* Your objective
Set down, exactly as written, the lines from the line holding "dock area featuring a water view" to the end of the data, inclusive, skipping any pictures.

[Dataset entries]
= = =
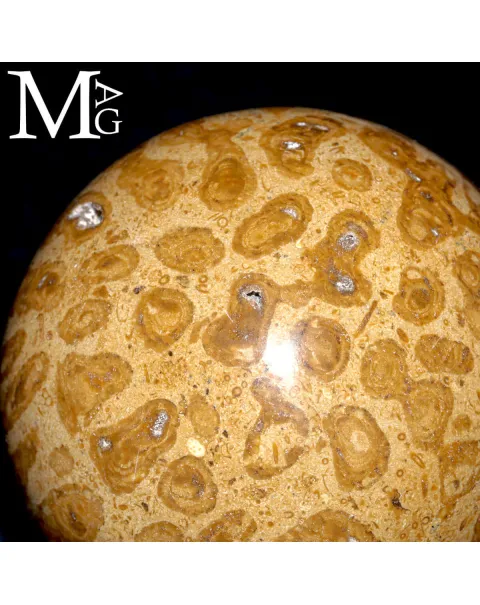 Sfera Fossile in Corallo Madreporico – Madagascar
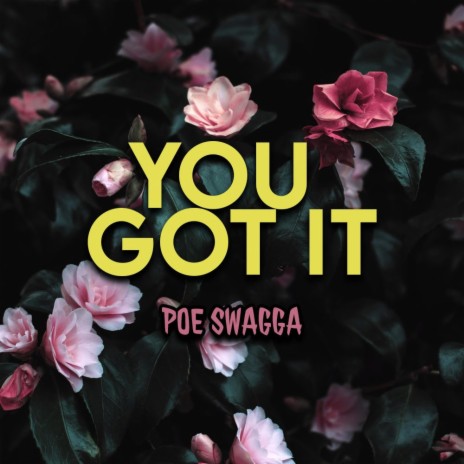 You Got It | Boomplay Music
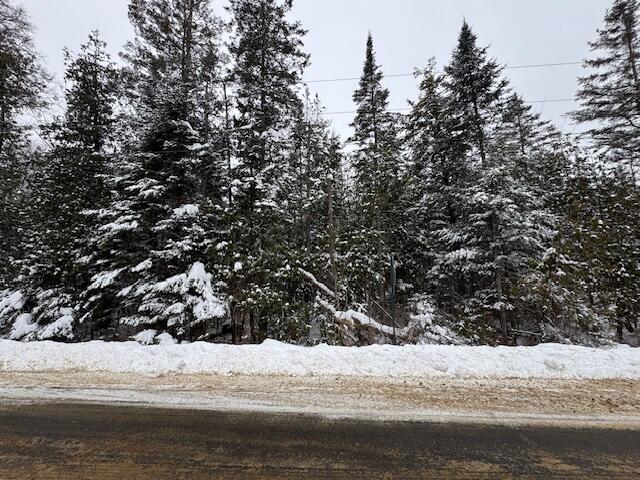 Lot 15-15 Brann Road Levant, ME 04456 - Photo 5 of 5 10 Acres on Town Maintained Road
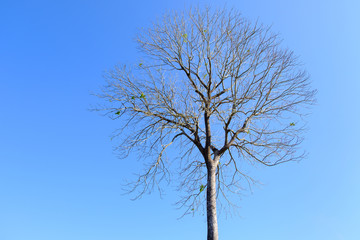 Beautiful tree without leaves with blue sky.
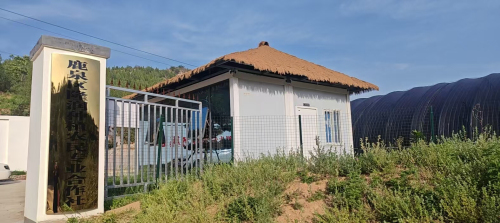 鹿泉区隆润种植农民专业合作社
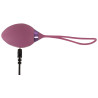 Rovana RC Love Ball - beau coeur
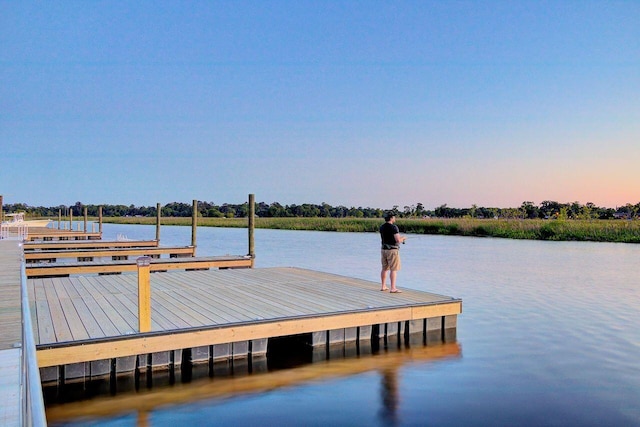 dock area featuring a water view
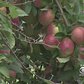 Prime Time For Apple Picking In New York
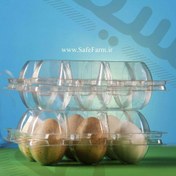 تصویر ظرف تخم کبک 6 عددی 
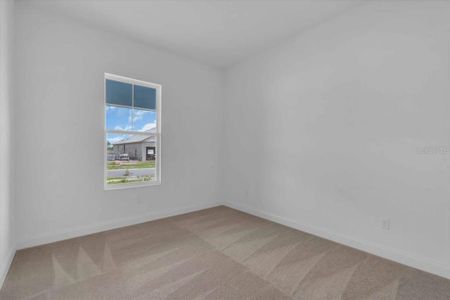 New construction Single-Family house 2515 Wise River Ln, Zephyrhills, FL 33539 - image 11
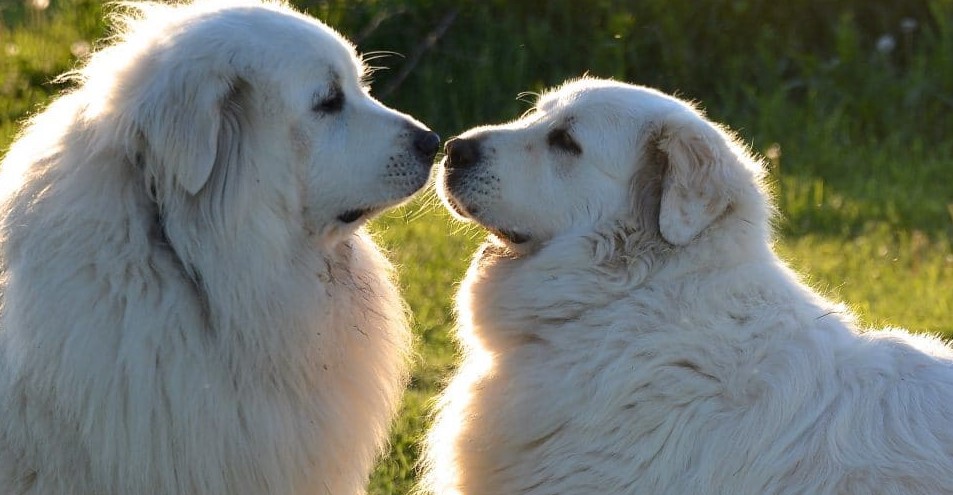 Blonde dogs: The most popular breeds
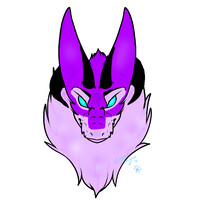 Sage Headshot
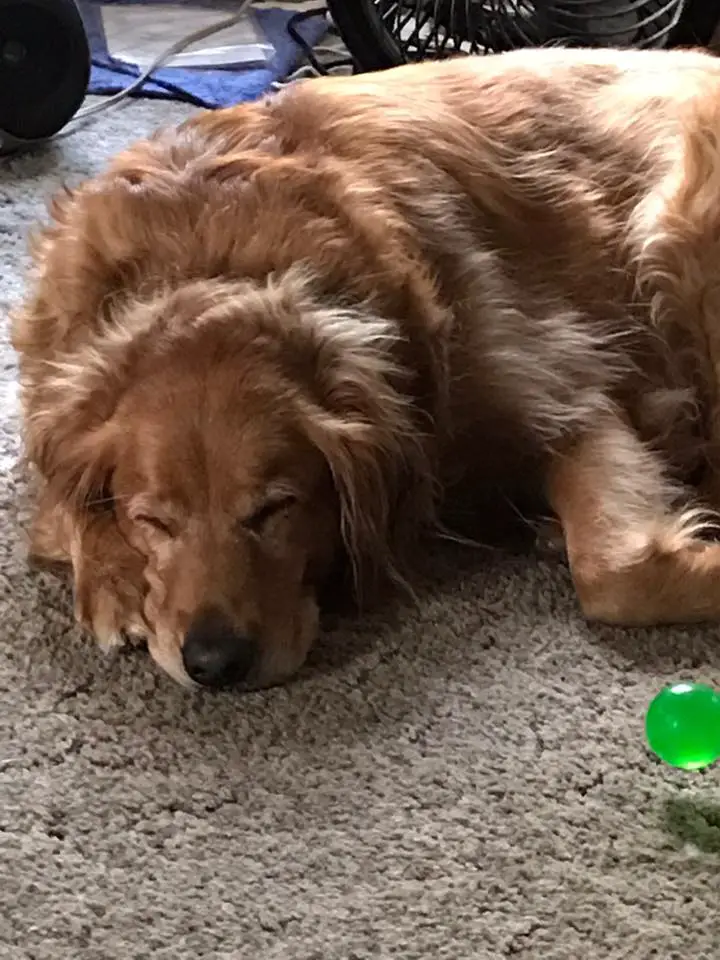 A Golden Retriever sleeping on the floor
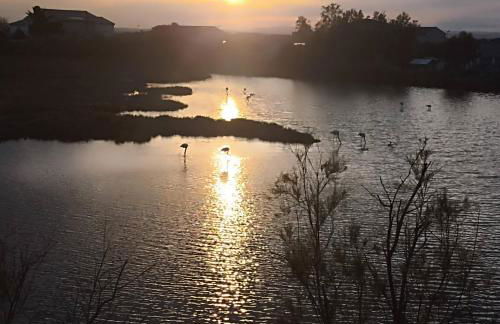Janislove34 Maison 1 Chambre avec accès piscine dans résidence à Palavas les flots - Foto 28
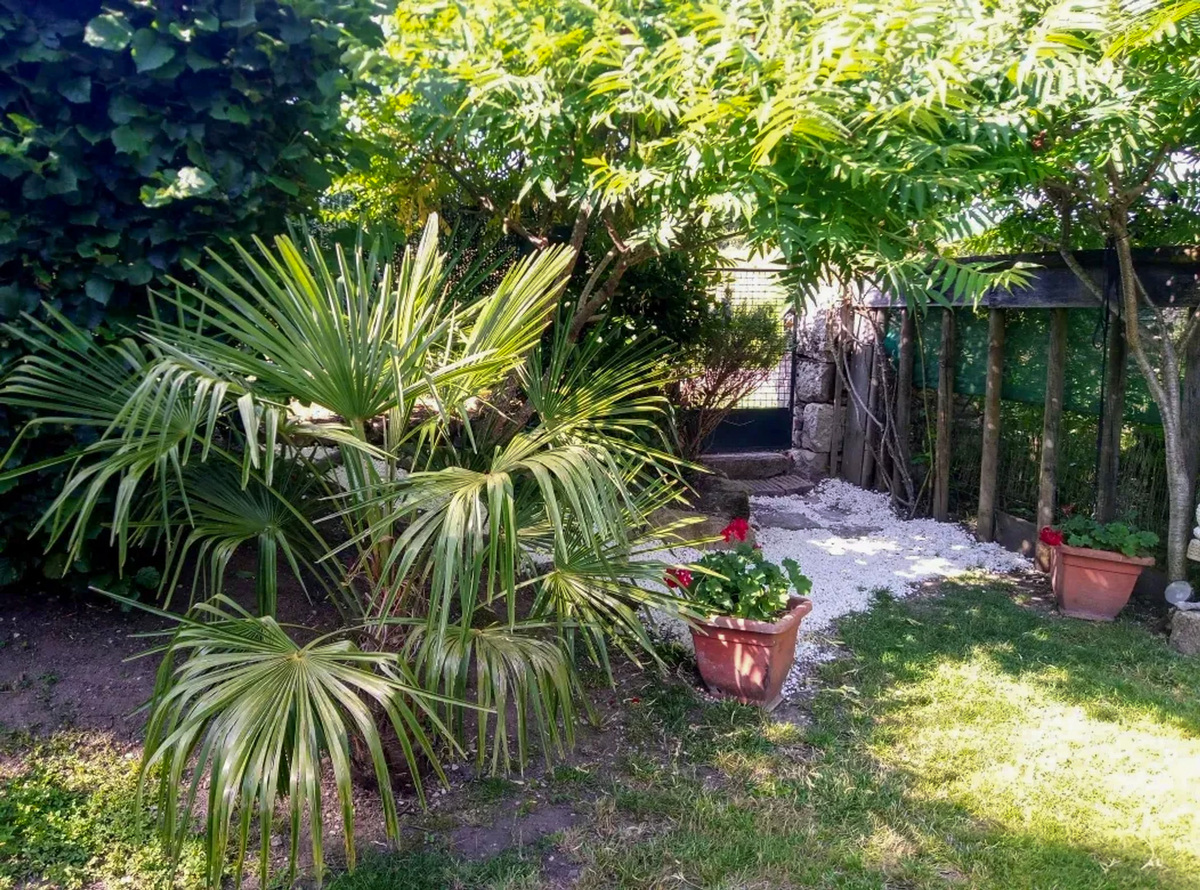 Chalet Molinot piscine privée 6 pers., 2 chambres - Photo 23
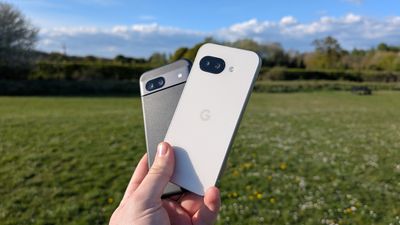 I put the Pixel 9a and Pixel 8a through a 9-round, 100-photo camera face-off — and the results were surprising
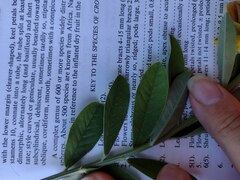 Crotalaria assamica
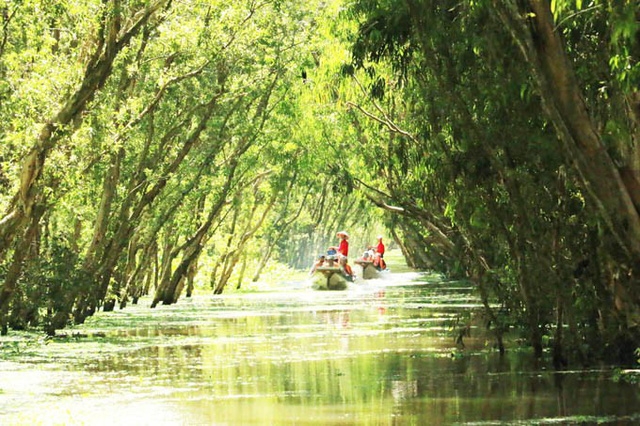 Beautiful Tra Su cajuput forest in flooding season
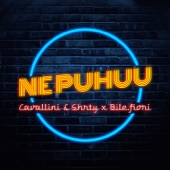 Ne puhuu (feat. Bile.Fioni) artwork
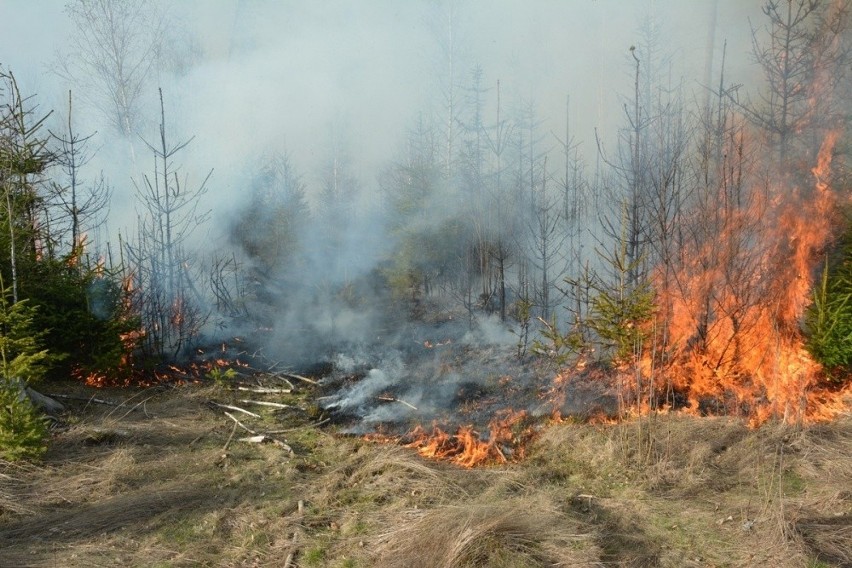Ponad 100 strażaków walczyło z gigantycznym pożarem lasu w Czarnym Dunajcu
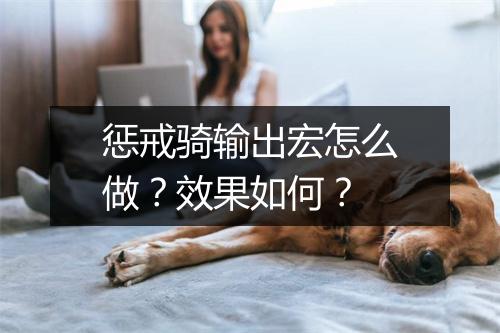 惩戒骑输出宏怎么做？效果如何？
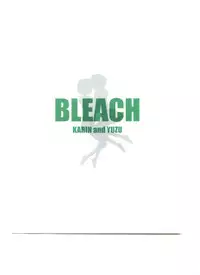 (C65) [Nikopondo (Aoyama Reo)] Otherside (Bleach)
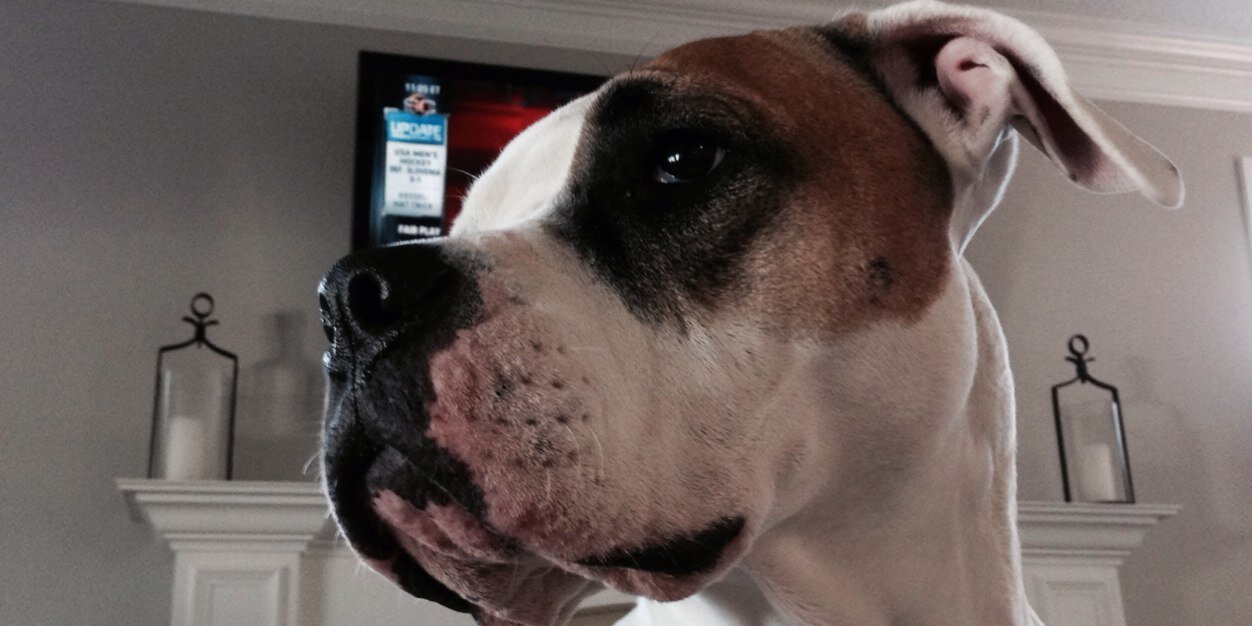 Jeff de Rijke banner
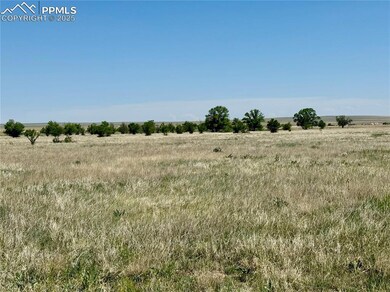 Meadows & Trees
= = =
* Solution for this exercise
 dock area featuring a water view
 Prime Time For Apple Picking In New York
 تصویر ظرف تخم کبک 6 عددی 
 New construction Single-Family house 2515 Wise River Ln, Zephyrhills, FL 33539 - image 11
 Blonde dogs: The most popular breeds
 Sage Headshot
 A Golden Retriever sleeping on the floor
Janislove34 Maison 1 Chambre avec accès piscine dans résidence à Palavas les flots - Foto 28
 Chalet Molinot piscine privée 6 pers., 2 chambres - Photo 23
 I put the Pixel 9a and Pixel 8a through a 9-round, 100-photo camera face-off — and the results were surprising
 Crotalaria assamica
 Beautiful Tra Su cajuput forest in flooding season
 Ne puhuu (feat. Bile.Fioni) artwork
Ponad 100 strażaków walczyło z gigantycznym pożarem lasu w Czarnym Dunajcu
 惩戒骑输出宏怎么做？效果如何？
 (C65) [Nikopondo (Aoyama Reo)] Otherside (Bleach)
 Jeff de Rijke banner
 Meadows & Trees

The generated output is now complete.